Task: Every line of the material is to be reproduced verbatim.

Information shown:
============

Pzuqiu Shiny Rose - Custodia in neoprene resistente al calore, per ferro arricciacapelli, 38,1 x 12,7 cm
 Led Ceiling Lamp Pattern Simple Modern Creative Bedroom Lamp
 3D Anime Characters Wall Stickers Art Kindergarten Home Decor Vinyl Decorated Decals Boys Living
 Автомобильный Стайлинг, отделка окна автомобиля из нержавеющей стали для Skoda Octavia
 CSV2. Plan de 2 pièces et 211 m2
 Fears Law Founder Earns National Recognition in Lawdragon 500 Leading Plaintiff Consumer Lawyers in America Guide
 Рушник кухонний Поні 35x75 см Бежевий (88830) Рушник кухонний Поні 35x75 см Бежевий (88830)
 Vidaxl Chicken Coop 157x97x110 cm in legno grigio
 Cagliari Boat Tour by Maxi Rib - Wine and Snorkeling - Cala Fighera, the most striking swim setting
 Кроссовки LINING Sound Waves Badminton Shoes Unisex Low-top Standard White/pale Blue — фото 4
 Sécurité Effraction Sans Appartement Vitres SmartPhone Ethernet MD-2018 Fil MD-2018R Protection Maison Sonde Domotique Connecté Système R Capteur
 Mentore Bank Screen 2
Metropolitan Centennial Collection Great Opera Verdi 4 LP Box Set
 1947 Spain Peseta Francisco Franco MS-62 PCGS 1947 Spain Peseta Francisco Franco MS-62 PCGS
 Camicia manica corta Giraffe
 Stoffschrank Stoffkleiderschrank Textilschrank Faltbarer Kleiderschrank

============

Your response:
Pzuqiu Shiny Rose - Custodia in neoprene resistente al calore, per ferro arricciacapelli, 38,1 x 12,7 cm
 Led Ceiling Lamp Pattern Simple Modern Creative Bedroom Lamp
 3D Anime Characters Wall Stickers Art Kindergarten Home Decor Vinyl Decorated Decals Boys Living
 Автомобильный Стайлинг, отделка окна автомобиля из нержавеющей стали для Skoda Octavia
 CSV2. Plan de 2 pièces et 211 m2
 Fears Law Founder Earns National Recognition in Lawdragon 500 Leading Plaintiff Consumer Lawyers in America Guide
 Рушник кухонний Поні 35x75 см Бежевий (88830) Рушник кухонний Поні 35x75 см Бежевий (88830)
 Vidaxl Chicken Coop 157x97x110 cm in legno grigio
 Cagliari Boat Tour by Maxi Rib - Wine and Snorkeling - Cala Fighera, the most striking swim setting
 Кроссовки LINING Sound Waves Badminton Shoes Unisex Low-top Standard White/pale Blue — фото 4
 Sécurité Effraction Sans Appartement Vitres SmartPhone Ethernet MD-2018 Fil MD-2018R Protection Maison Sonde Domotique Connecté Système R Capteur
 Mentore Bank Screen 2
Metropolitan Centennial Collection Great Opera Verdi 4 LP Box Set
 1947 Spain Peseta Francisco Franco MS-62 PCGS 1947 Spain Peseta Francisco Franco MS-62 PCGS
 Camicia manica corta Giraffe
 Stoffschrank Stoffkleiderschrank Textilschrank Faltbarer Kleiderschrank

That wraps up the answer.